De aquel Al vent eran estos versos: buscant la llum, buscant la pau, / buscant a
Déu, al vent del món. Dejando un poco aparte a Dios, que tendrá cosas más
importantes de las que preocuparse que estos asuntos relativamente
insignificantes y tribales, no veo yo ahora que en toda esta historia catalana
reciente se busque demasiado la luz o la paz. Y el viento que sopla por esas
tierras no es el ancho, múltiple y libre viento del mundo, sino que tiene
cierta apariencia de ventolina o ventolera, muy terral, aunque ya sé que es
difícil juzgar sobre los sentimientos.
De Joan Manuel
Serrat, tengo que citar las bellísimas palabras dedicadas a su madre,
aragonesa, en esa incomparable cançó de
bressol: D'una terra que mai no has pogut oblidar, /malgrat el llarg camí que et
van fer caminar/ els teus germans de sang, els teus germans de llengua, en
la que canta la imposibilidad del olvido, los lazos de la sangre y de la
lengua, que atan el corazón de los humanos de cualquier país o idioma, incluso
a pesar de las ingratitudes y las injusticias. ¡Qué bonitas palabras, qué bella
lengua! Como la castellana o española, como otras de tantas partes del mundo.
¿O piensa alguien que la lengua catalana, o la vasca, es la más bella de todas?
Hay que saber embridar los sentimientos, los atajos mentales, las ilusiones engañosas.
Vivo ya con un
cierto cansancio y, aunque sigue asombrándome la inaudita belleza del mundo,
también me doy cuenta de su extrema sordidez. Todas las facultades de los
humanos pueden llegar a ser siniestras, excepto la razón, la sensatez, el
famoso seny, que a veces se va, Dios
sabe dónde. Es en lo único que todavía confío. Cuando las cosas van por otros
derroteros, por intereses o por alguna ensoñación, más o menos irresponsable, me
temo lo peor. El barón Cósimo Piovasco de Rondó recordaba a menudo: “Si vas a
construir un muro, piensa en lo que queda fuera”. Porque lo que queda dentro no
es lo importante, aunque de momento pueda resultar tranquilizador o ventajoso.
Es lo que queda fuera lo que se pierde para siempre, lo que nos empobrece
fatalmente, aquello a lo que se renuncia sin necesidad, sin justificación.
Joan Manuel y
Raimon, necesitamos otra vez canciones que hablen de paz y de luz, de las cosas
que no se pueden olvidar, porque anidan en la misma raíz del alma.
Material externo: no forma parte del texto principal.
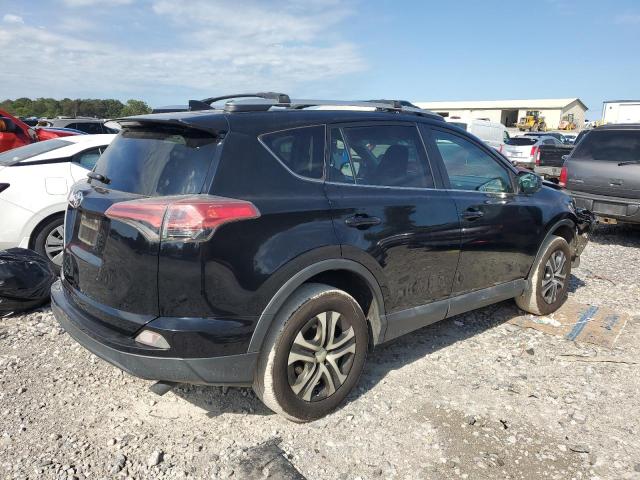 Photo 3 from auction – 2016 TOYOTA RAV4 LE with VIN 2T3ZFREV0GW250388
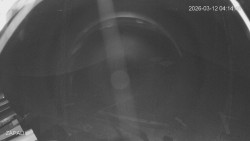 Provozní plocha - západ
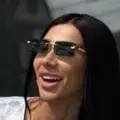 Я Катя, 22, знакомлюсь на одну ночь в Москве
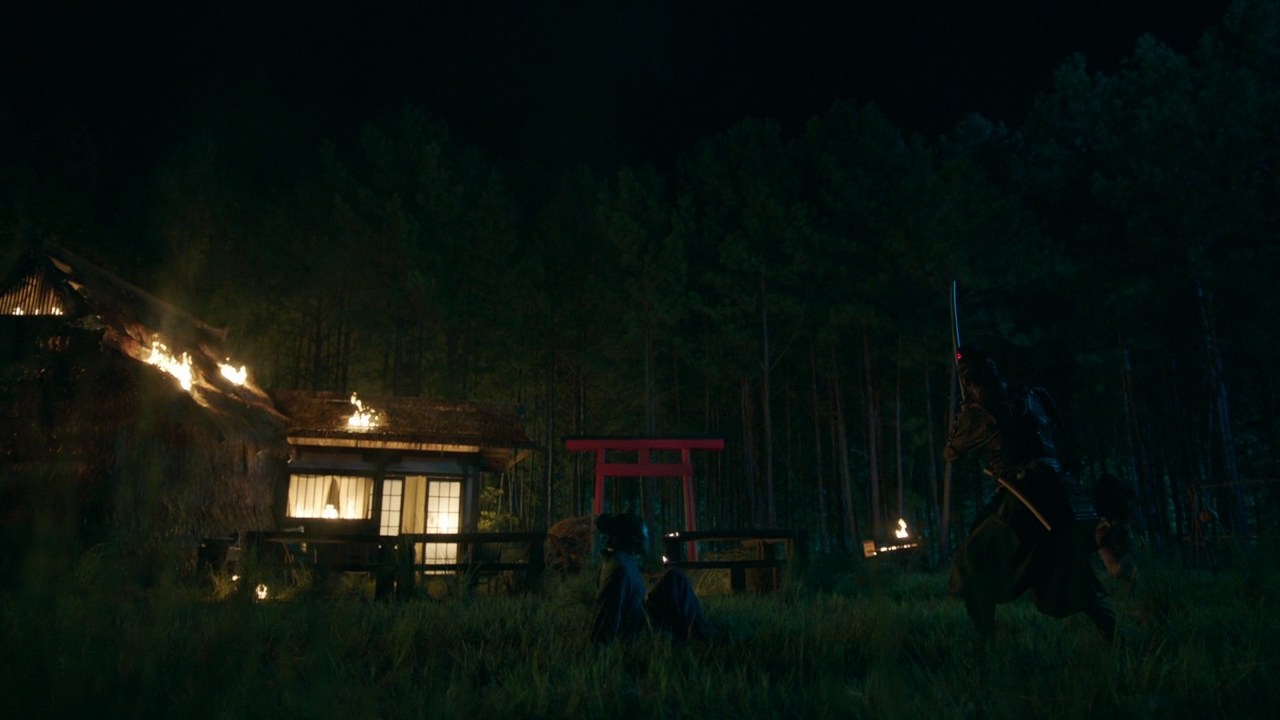 vampirediariesworld-dot-nl_Legacies2x04SinceWhenDoYouSpeakJapanese00918.jpg vampirediariesworld-dot-nl_Legacies2x04SinceWhenDoYouSpeakJapanese00918.jpg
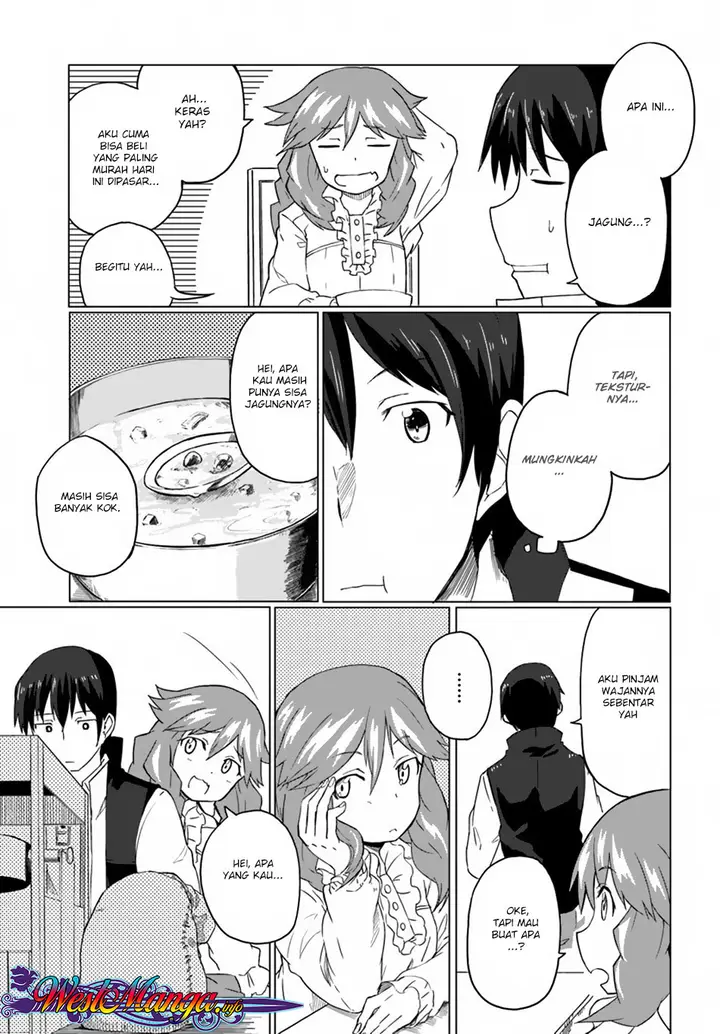 image-komik-magi-craft-meister-chapter-14-12/36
Que hablen
de un mundo surcado por infinitos caminos, de la rica variedad de los seres
humanos, de ese viento fuerte y cambiante, que es la esencia misma de la
libertad. Me dirijo a vosotros, porque confío menos en los políticos; esos
políticos profesionales a los que no se les conoce otra dedicación y que llevan
demasiado tiempo, sus enteras vidas, en esa actividad. Y de las manifestaciones
multitudinarias, qué os voy a decir. En ellas la inteligencia y el buen sentido
se deslíen como un azucarillo en agua quemante.